Playing the Long Game by Playing Now
There’s a psychological and physical reset that comes from getting back into game action before the offseason hits. Pitchers who go into winter without a rehab timeline hanging over them typically show up to Spring Training more prepared — mentally sharp, physically whole, and not stuck trying to ramp up after missing months.
In other words, even if the Braves don’t finish .500 this year, getting these arms back into a groove could be a domino effect that sets up 2026 to look a whole lot more like what Atlanta fans are used to.
Chris Sale, who’s dealt with a carousel of injuries in recent years, didn’t even get to finish his Cy Young-level season this year on his own terms. He was scratched from a Game 162 start and hasn’t pitched since mid-September. Just getting him back out there — healthy — would be a massive moral win.

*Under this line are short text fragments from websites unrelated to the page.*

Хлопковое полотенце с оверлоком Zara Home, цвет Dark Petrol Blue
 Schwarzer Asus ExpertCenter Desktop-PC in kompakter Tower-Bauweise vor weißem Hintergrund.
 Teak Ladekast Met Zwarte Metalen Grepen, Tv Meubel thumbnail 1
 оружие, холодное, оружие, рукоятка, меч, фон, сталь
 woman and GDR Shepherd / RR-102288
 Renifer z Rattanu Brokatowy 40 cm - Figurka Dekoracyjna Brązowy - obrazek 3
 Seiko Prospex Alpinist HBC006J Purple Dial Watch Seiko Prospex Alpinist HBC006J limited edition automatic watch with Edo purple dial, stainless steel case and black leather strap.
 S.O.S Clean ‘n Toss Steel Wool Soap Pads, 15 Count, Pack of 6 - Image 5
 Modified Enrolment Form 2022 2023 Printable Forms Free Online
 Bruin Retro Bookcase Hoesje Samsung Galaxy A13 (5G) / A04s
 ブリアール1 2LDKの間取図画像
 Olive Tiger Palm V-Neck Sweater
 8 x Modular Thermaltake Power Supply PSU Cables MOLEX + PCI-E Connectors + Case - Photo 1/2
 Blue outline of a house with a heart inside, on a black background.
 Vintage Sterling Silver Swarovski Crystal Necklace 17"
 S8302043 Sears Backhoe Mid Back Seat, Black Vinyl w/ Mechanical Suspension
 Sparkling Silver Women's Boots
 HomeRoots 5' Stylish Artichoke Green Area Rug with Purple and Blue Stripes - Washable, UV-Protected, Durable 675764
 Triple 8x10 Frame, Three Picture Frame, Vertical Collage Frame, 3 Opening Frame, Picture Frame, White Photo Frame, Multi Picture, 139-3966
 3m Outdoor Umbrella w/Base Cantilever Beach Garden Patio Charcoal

Same goes for Reynaldo López, Joe Jiménez, Spencer Schwellenbach and any other bruised-up Brave who’s been sidelined this year. For the guys who can return, Snitker wants them to return — not because the Braves are chasing October, but because this season’s final innings could be the first steps toward next spring.
Braves Fans Deserve a Glimpse of What’s Next
The 2025 season hasn’t gone the way anyone expected. But for a fanbase that’s watched this team ride waves of dominance for most of the decade, there’s still something to be said for finishing strong — not for the standings, but for the future foundation.
Seeing Sale stride back to the mound, Schwellenbach flash his promise, or López sling heat again won’t make the playoffs magically reappear. But it might just give Braves fans what they really need: a reason to believe again.
And if that means turning the page with confidence — and a full rotation of healthy arms — then those late-season innings might be more important than they seem.